A recent Law 360 story by Dave Simpson, “Quinn Emanuel Gets $185M Fee From $3.7B Win in ACA Suits,” reports that a U.S. Court of Federal Claims judge granted Quinn Emanuel Urquhart & Sullivan LLP's request for $185 million in fees stemming from two class actions against the federal government over so-called risk corridor payments under the Affordable Care Act, which resulted in a nearly $3.7 billion total win. Judge Kathryn C. Davis said that despite the "at times hyperbolic" motions for fees, the law firm did show "foresight" in focusing on a successful legal theory months before other parties jumped on that bandwagon. She granted its request for 5% of the winnings.
"At the end of the day, what is more important is that class counsel's legal theory resulted in a huge award to the classes here," Judge Davis said. Quinn Emanuel was the first firm in the country to file a lawsuit on behalf of a qualified health plan insurer accusing the federal government of unlawfully reneging on a commitment to shield ACA insurers from heavy financial losses.
Health Republic Insurance Co. sued the government in 2016 and in July 2020 won a judgment for $1.9 billion alongside a subclass of insurers. Common Ground Healthcare Cooperative sued the government in 2017 over similar claims and won a $1.7 billion judgment. Those cases set off a firestorm of parallel litigation across the country, alleging similar claims. Two of those cases ended up at the U.S. Supreme Court. In April 2020, the justices reversed Congress' denial of $12 billion in "risk corridor" funding, which the ACA dangled as an incentive for insurers during the law's first three years of operation.
While Quinn Emanuel didn't work on those cases directly, the firm argued in its request for fees in July 2020 that the Supreme Court "adopted the exact legal theory Quinn Emanuel set forth in the initial Health Republic complaint and which it advocated at every step." But in August 2020, objectors like Kaiser Foundation Health Plan Inc., UnitedHealthcare Insurance Co. and others argued that class counsel was entitled to just $8.8 million after a lodestar cross-check.
They said that Quinn Emanuel had little to do with the litigation that ended up at the Supreme Court, and argued that the firm was trying to walk away with an award that would work out to an hourly rate of $18,000 per attorney.
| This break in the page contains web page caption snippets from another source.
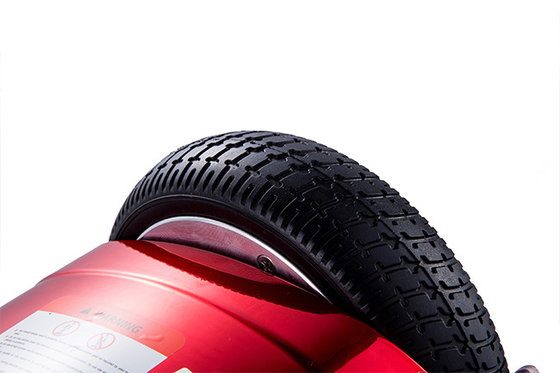 6.5-calowy elektryczny czerwony samobalansujący hoverboard z diodami LED o prędkości 8 km / h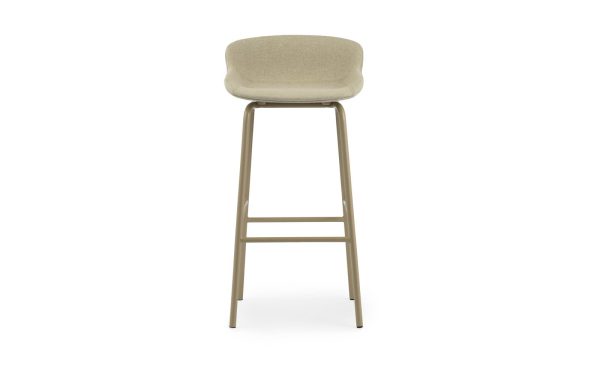 En moderne barstol med et højt metalstel og et beige polstret sæde, isoleret på en hvid baggrund, perfekt til moderne interiørdesign.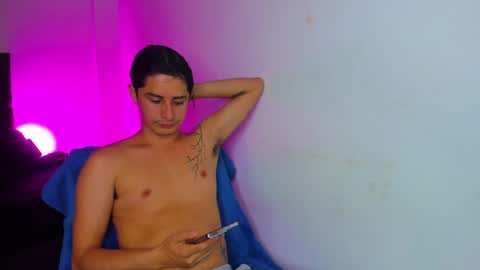 Snapshot of wickedboy_twink chatting on May 2026 07:10:02 PM JAISON online show from May 2026 07:10:02 PM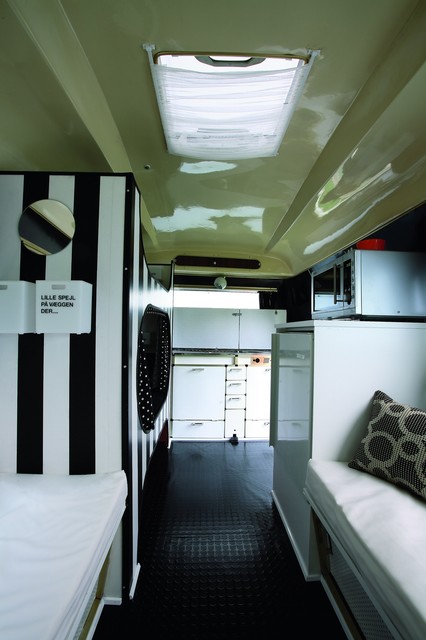 S&aring;dan indretter du en fed campingvogn mid-century-wohnzimmer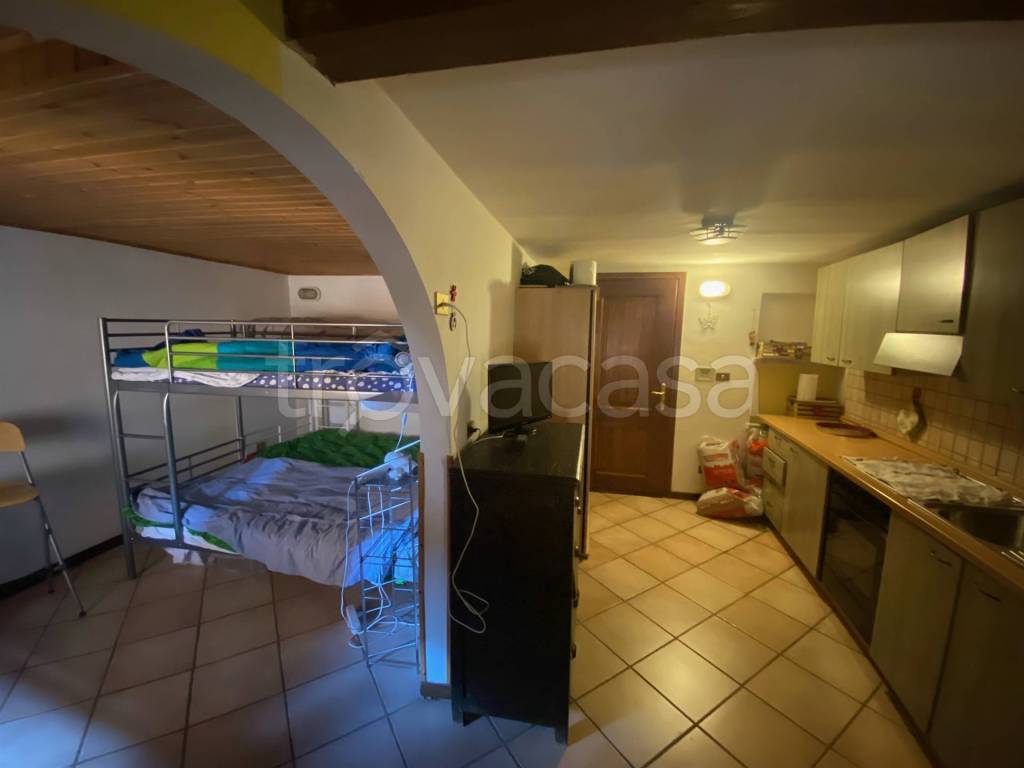 appartamento in vendita ad Edolo in zona Vico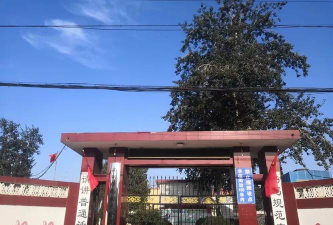 南甸完小阅读区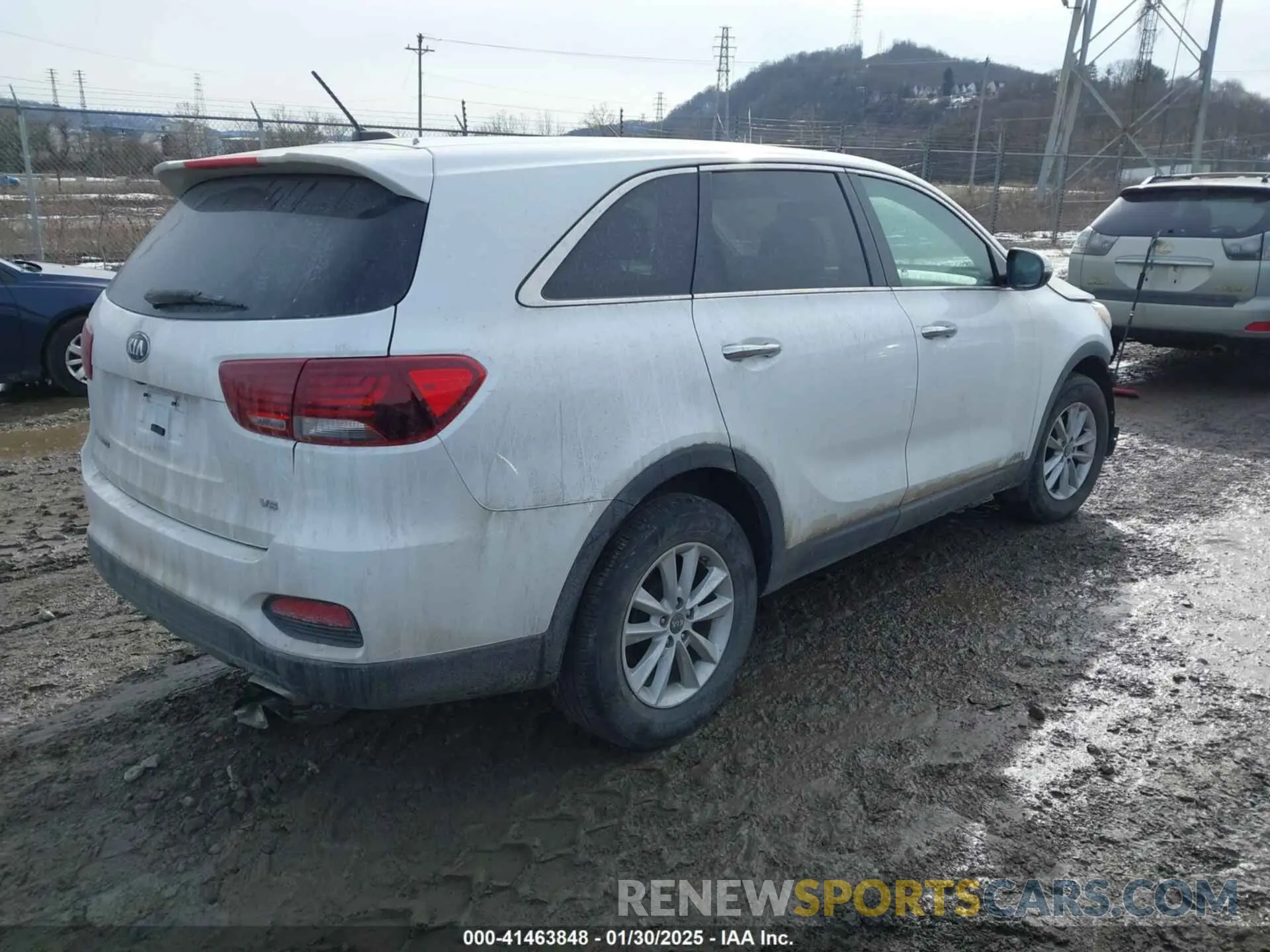 4 Photograph of a damaged car 5XYPGDA51LG618504 KIA SORENTO 2020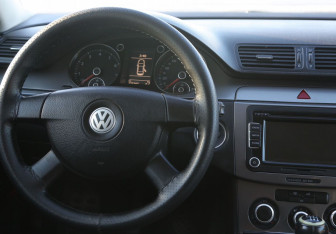 Подержанный автомобиль Volkswagen Passat Sedan 2009 года (14 фото)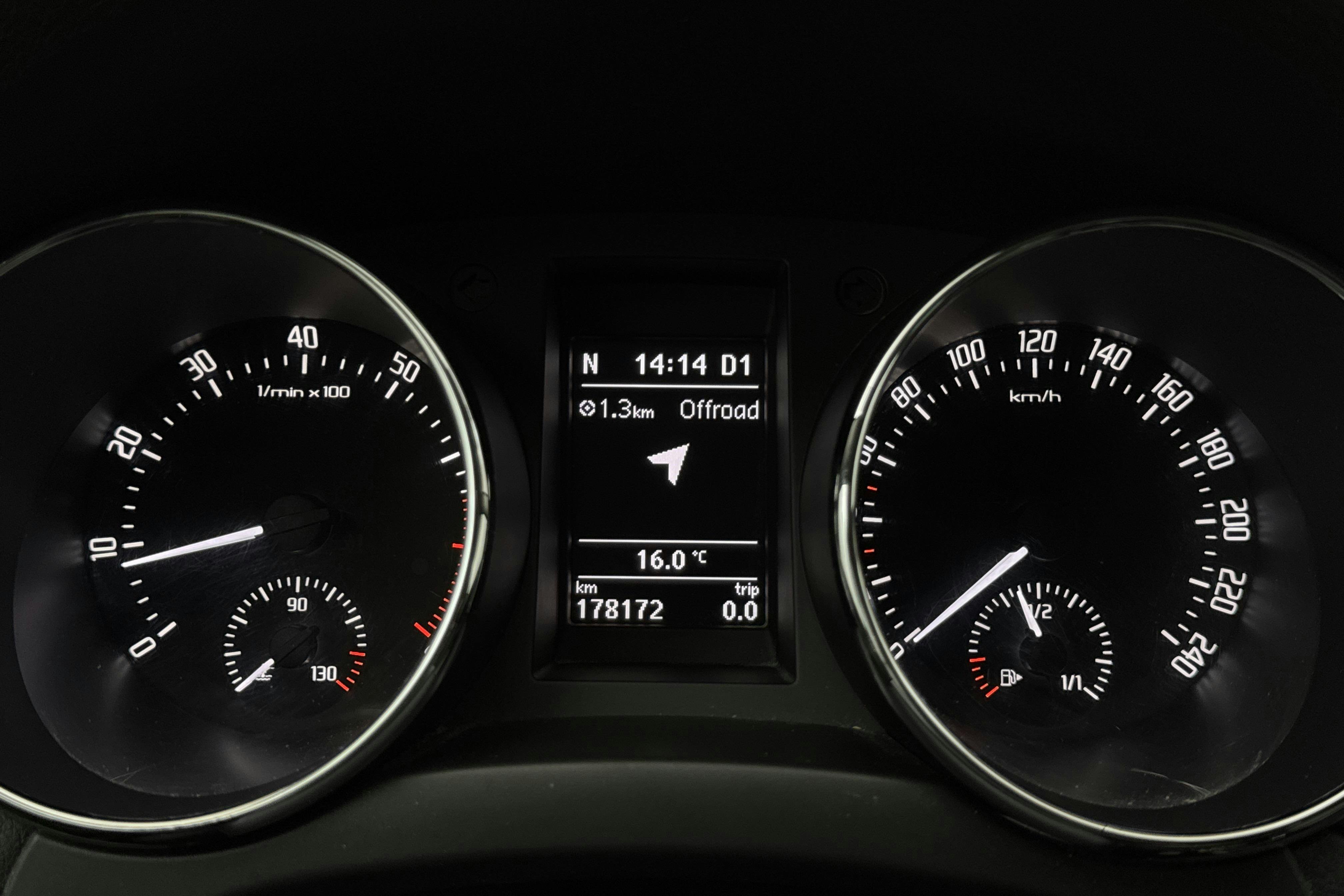 Vehicle Image 10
Class members signed on to the suit with a guarantee that the proposed 5% fee award would be subject to a lodestar cross-check, the motion said, which the firm had eschewed.
Quinn Emanuel shot back in September 2020 that the $8.8 million award proposed would discourage attorneys in the future from taking on similarly ambitious cases. The percentage model, which the insurers agreed to when choosing to join the class instead of pursuing individual claims, is favored by the courts for exactly this reason, the firm said. According to the firm, despite the dozens of companies signing on to the fee objection, most of them Kaiser or United entities, almost 90% of the class members have not objected.
Judge Davis sided with the firm. "These are not cases in which class counsel merely rode the coattails of other innovative litigators," she said. The 5% fee is well below market value, and the objectors propose what would amount to a .22% fee, she said. Further, the firm allocated 10,000 billable hours and might not have been paid for any of it had the outcome gone differently, the judge said.